[Crawled caption data]

━━━━━━

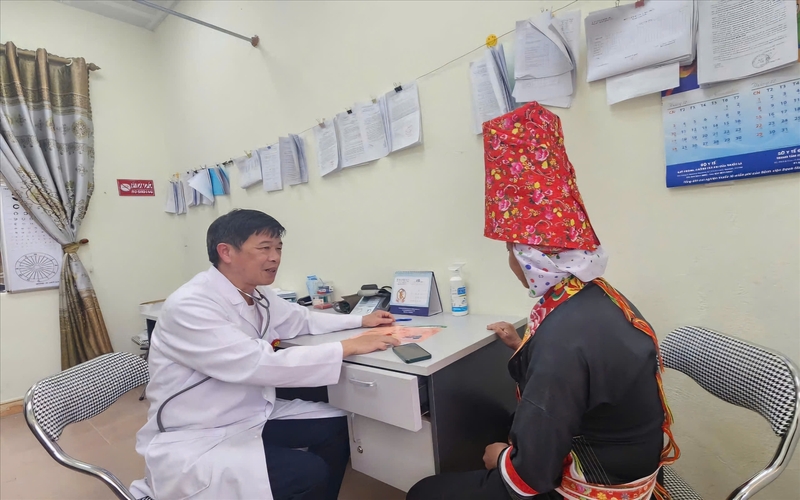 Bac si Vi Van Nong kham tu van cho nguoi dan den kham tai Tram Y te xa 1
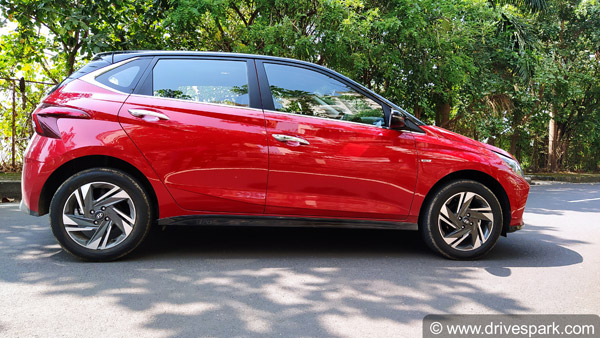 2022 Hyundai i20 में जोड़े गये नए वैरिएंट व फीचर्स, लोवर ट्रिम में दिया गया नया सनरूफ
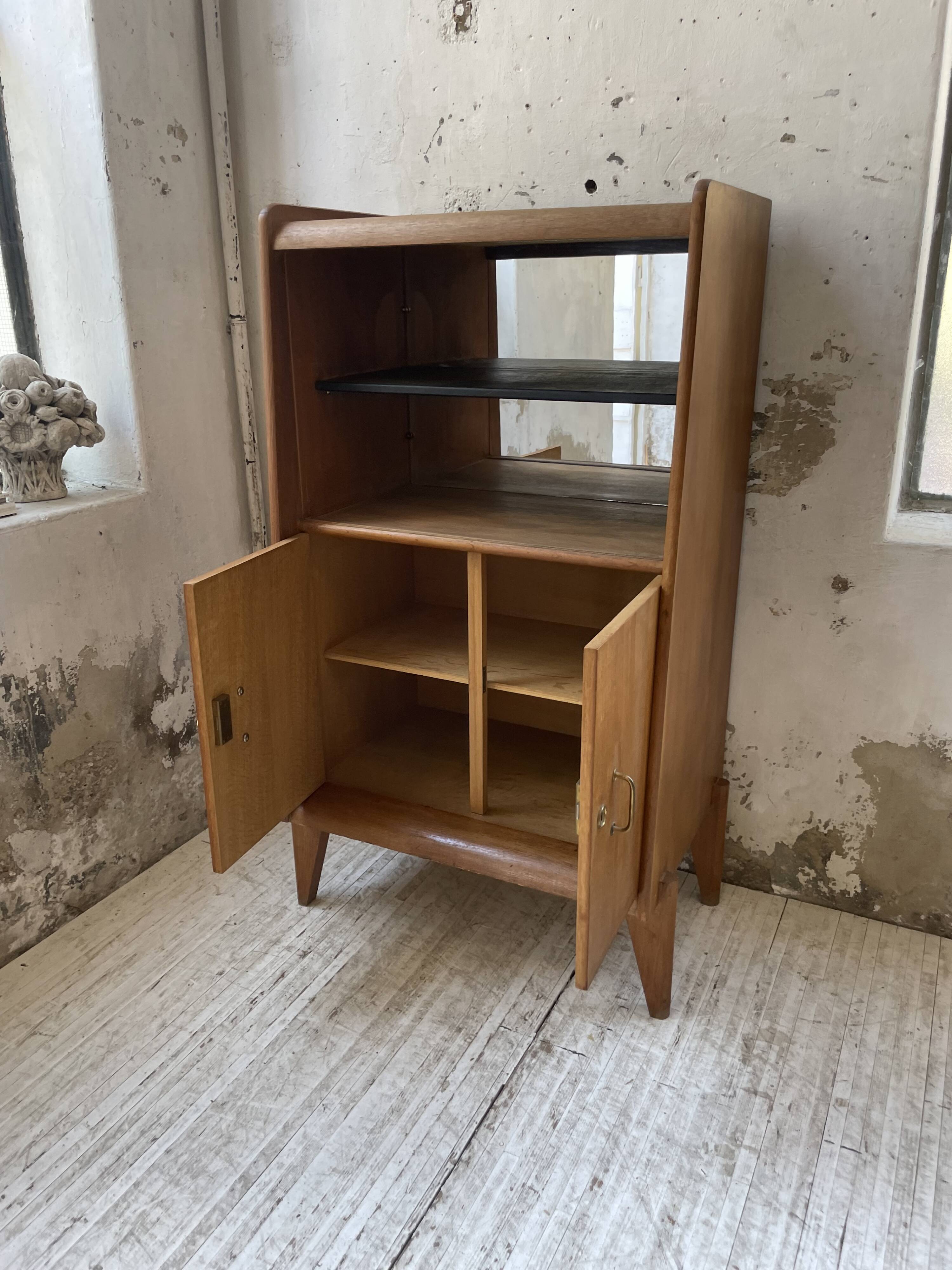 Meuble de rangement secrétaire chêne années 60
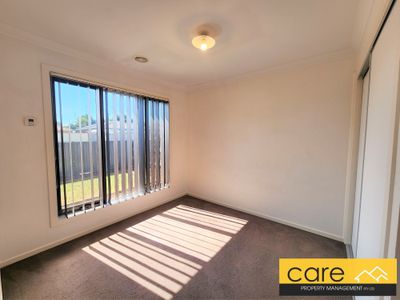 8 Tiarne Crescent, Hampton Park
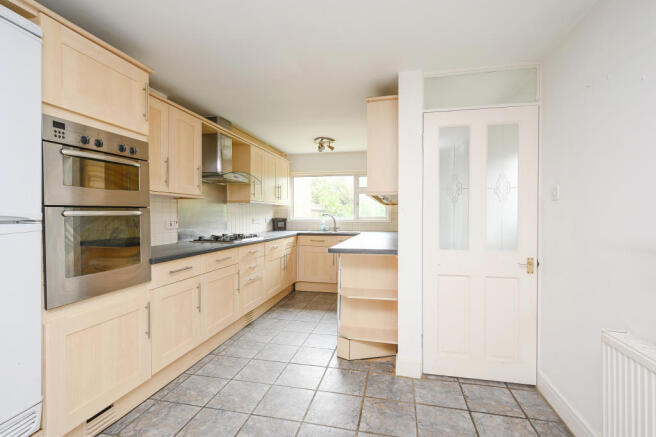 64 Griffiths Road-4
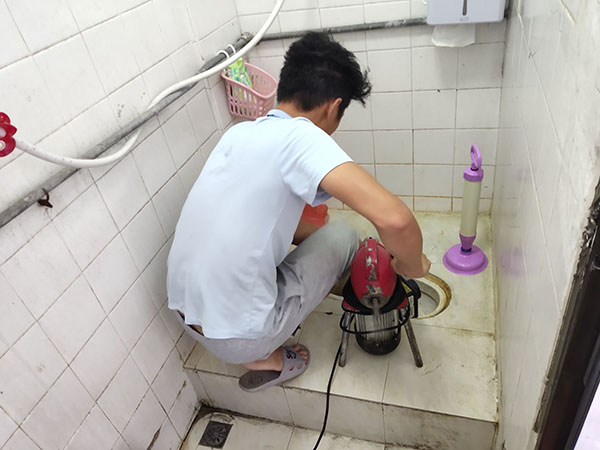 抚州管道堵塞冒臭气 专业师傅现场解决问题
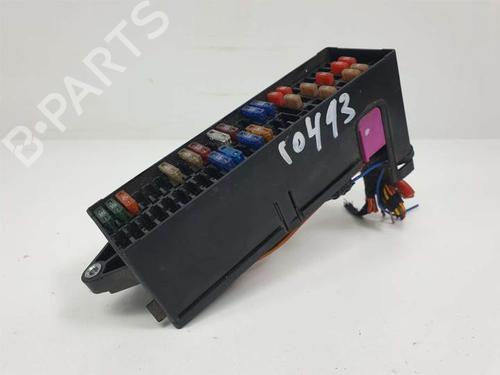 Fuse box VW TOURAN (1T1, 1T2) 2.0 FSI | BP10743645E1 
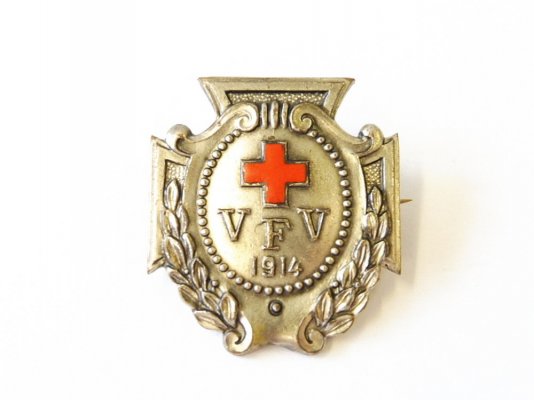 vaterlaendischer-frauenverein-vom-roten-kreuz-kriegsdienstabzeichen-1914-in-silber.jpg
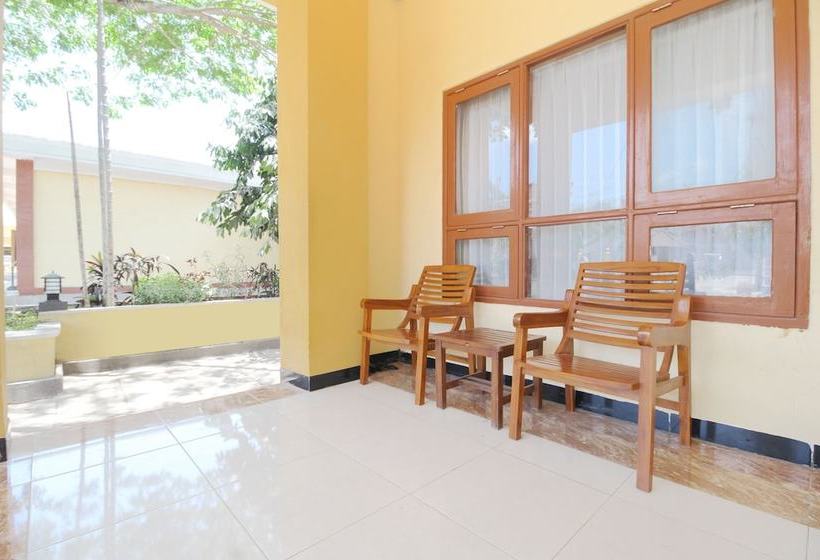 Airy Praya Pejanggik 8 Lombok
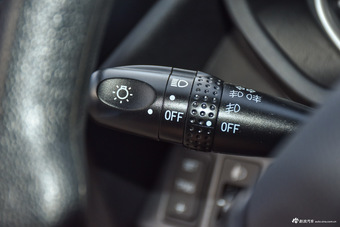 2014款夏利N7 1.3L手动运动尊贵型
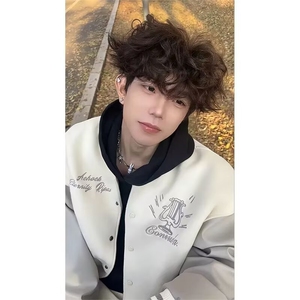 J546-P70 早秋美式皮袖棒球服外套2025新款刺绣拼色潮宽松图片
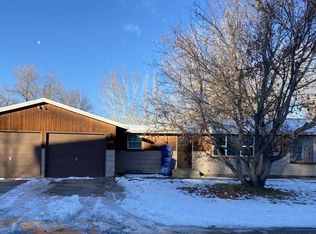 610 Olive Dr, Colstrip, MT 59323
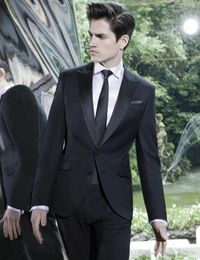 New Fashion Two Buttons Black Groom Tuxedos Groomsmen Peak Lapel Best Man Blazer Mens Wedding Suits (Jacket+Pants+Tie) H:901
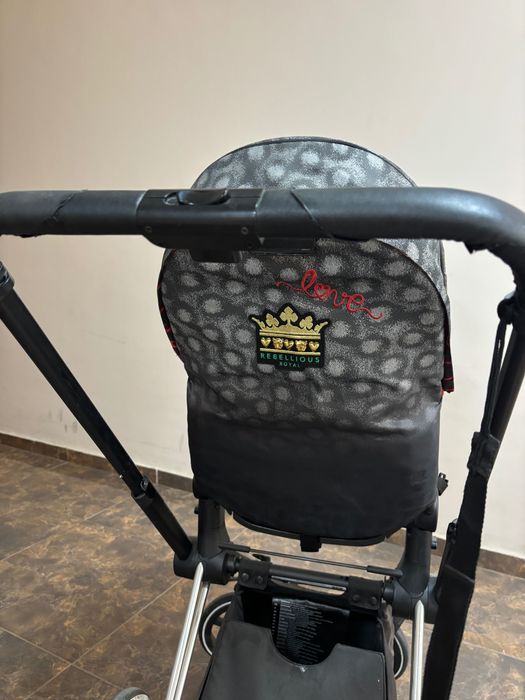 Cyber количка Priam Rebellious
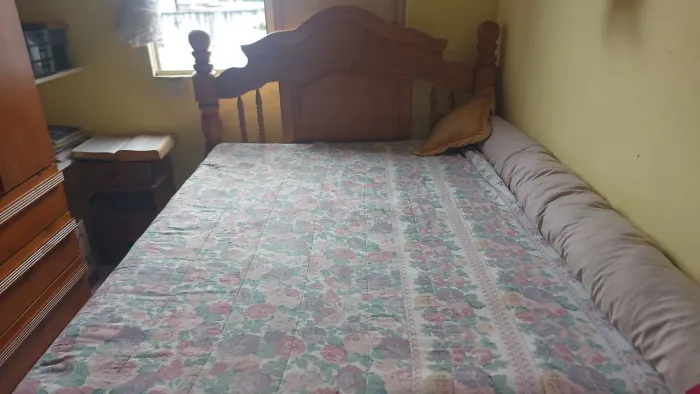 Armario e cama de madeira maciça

━━━━━━

[EXERCISE DETAILS]:
Reproduce all entries exactly. Pictures do not belong in the copy.

[ANSWER]:
 Bac si Vi Van Nong kham tu van cho nguoi dan den kham tai Tram Y te xa 1
 2022 Hyundai i20 में जोड़े गये नए वैरिएंट व फीचर्स, लोवर ट्रिम में दिया गया नया सनरूफ
 Meuble de rangement secrétaire chêne années 60
 8 Tiarne Crescent, Hampton Park
 64 Griffiths Road-4
 抚州管道堵塞冒臭气 专业师傅现场解决问题
 Fuse box VW TOURAN (1T1, 1T2) 2.0 FSI | BP10743645E1 
 vaterlaendischer-frauenverein-vom-roten-kreuz-kriegsdienstabzeichen-1914-in-silber.jpg
 Airy Praya Pejanggik 8 Lombok
 2014款夏利N7 1.3L手动运动尊贵型
 J546-P70 早秋美式皮袖棒球服外套2025新款刺绣拼色潮宽松图片
 610 Olive Dr, Colstrip, MT 59323
 New Fashion Two Buttons Black Groom Tuxedos Groomsmen Peak Lapel Best Man Blazer Mens Wedding Suits (Jacket+Pants+Tie) H:901
 Cyber количка Priam Rebellious
 Armario e cama de madeira maciça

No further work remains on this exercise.